Though it has surely been months since I was freed with the other pair of survivors, I still cannot get used to the feelings of numbness and detachment I now feel: the ability for schematics and tactical data to flood my mind unbidden; the way sight turns from full colour, to heat-seeking infrared, then to night-vision green, all with the merest of blinks.

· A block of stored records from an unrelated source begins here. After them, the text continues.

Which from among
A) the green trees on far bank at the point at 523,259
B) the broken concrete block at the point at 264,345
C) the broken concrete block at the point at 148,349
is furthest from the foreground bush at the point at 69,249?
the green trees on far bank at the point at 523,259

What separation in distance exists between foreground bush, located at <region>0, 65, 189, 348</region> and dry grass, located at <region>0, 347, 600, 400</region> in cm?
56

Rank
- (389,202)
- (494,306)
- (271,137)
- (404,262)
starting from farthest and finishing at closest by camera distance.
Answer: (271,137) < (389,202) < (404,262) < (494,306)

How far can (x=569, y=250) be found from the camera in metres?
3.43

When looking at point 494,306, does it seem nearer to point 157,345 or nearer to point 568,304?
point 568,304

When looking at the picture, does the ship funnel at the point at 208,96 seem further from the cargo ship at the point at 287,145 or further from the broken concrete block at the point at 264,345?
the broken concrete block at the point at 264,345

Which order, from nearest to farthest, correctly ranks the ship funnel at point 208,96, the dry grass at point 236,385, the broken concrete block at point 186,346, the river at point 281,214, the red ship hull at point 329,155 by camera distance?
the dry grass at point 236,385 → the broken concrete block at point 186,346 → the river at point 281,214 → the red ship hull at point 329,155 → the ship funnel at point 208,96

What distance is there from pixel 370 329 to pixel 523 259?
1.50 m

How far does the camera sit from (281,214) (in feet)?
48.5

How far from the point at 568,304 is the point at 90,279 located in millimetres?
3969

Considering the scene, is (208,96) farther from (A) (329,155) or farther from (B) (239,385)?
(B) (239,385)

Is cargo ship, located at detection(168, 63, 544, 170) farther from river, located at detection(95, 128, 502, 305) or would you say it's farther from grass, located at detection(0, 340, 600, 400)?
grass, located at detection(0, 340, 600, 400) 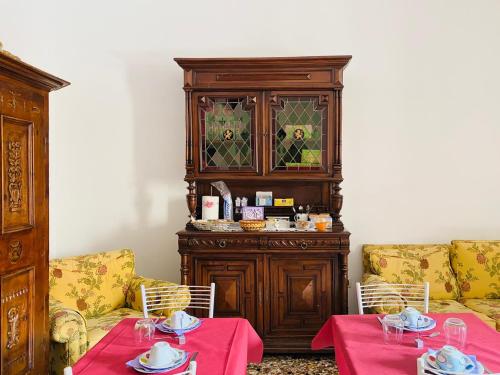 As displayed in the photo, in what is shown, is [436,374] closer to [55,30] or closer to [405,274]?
[405,274]

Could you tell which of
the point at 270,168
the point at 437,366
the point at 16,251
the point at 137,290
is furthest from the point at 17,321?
the point at 270,168

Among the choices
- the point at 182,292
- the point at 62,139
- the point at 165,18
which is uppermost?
the point at 165,18

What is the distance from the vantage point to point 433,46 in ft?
12.2

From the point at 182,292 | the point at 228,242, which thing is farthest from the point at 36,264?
the point at 228,242

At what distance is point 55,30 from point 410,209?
343cm

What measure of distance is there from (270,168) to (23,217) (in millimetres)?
1865

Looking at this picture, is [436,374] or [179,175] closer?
[436,374]

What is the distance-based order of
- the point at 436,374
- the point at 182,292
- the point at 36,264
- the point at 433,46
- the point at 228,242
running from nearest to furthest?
the point at 436,374 < the point at 36,264 < the point at 182,292 < the point at 228,242 < the point at 433,46

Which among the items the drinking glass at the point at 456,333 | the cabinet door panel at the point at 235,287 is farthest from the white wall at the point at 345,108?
the drinking glass at the point at 456,333

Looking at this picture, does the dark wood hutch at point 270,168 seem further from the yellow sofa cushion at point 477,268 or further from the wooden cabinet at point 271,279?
the yellow sofa cushion at point 477,268

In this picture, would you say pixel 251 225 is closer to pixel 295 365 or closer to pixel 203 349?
pixel 295 365

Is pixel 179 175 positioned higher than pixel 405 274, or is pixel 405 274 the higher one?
pixel 179 175

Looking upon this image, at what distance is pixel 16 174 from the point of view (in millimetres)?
1977

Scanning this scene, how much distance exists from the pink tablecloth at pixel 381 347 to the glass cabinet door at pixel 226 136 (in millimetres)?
1687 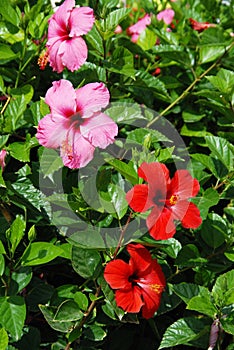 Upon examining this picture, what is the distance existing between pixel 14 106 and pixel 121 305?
549 mm

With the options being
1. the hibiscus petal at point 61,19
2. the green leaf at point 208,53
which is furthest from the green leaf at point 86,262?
the green leaf at point 208,53

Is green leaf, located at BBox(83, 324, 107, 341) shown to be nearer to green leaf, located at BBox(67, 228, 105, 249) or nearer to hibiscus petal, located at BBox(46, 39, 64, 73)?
green leaf, located at BBox(67, 228, 105, 249)

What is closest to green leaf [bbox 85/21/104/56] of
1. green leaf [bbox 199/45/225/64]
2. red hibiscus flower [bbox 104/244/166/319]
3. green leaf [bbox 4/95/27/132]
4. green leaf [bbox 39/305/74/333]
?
green leaf [bbox 4/95/27/132]

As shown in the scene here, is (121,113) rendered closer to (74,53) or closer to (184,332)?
(74,53)

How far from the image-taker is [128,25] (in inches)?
84.1

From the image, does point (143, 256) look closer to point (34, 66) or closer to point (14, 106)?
point (14, 106)

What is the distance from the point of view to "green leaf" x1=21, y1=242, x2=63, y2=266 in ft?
3.75

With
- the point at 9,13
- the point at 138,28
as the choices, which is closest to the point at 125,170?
the point at 9,13

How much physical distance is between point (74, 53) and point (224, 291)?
627 mm

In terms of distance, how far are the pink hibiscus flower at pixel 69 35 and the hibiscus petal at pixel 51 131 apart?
18cm

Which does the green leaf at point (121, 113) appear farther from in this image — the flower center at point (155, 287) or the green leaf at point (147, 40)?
the green leaf at point (147, 40)

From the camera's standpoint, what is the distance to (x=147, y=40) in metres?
1.82

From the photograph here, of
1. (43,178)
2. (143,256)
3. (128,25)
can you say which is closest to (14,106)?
(43,178)

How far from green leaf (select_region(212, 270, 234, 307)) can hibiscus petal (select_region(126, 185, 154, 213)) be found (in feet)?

The implants around my neck and at the back of my head scratch at the base of my mind. It took only one near-death experience for me to learn that trying to dig them out of my flesh would not release my mind from them.

Looking at this guardian, there is something fundamental which I am missing here...some assault that my acute hunter’s senses should be screaming at my brain as being utterly wrong.
However, all I can do is hold my head in my hands, sinking upon bruised knees to the freezing cold marble floor in lack of comprehension.

The painful temperature is nothing compared to the unknown reasons which have clawed at me since that first day, perhaps a year ago: “Where am I?” “What the heck did they do to me?” But, ultimately, the most important question is “Why me?”

My mind reels from these questions, my insistent, angry and pleading questions...the ones which nobody ever answers, even partially.

I must have made the same enquiries to a hundred different figures.
It didn’t matter what the colour of their robes was, or how intricate the detailing upon their cloaks, for all displayed the same blank expression to me every single time.


Contrary to what I had expected, it was not the idiot grin of torturers planning my end and unable to contain their excitements.
Nor was it the faraway stare of people who either cannot comprehend my language, or of menials who are themselves not permitted to know the answers.
Instead, it was the unpitying gaze of those who do not care what my feelings are. Nor what my questions are. Nor what they will ever be.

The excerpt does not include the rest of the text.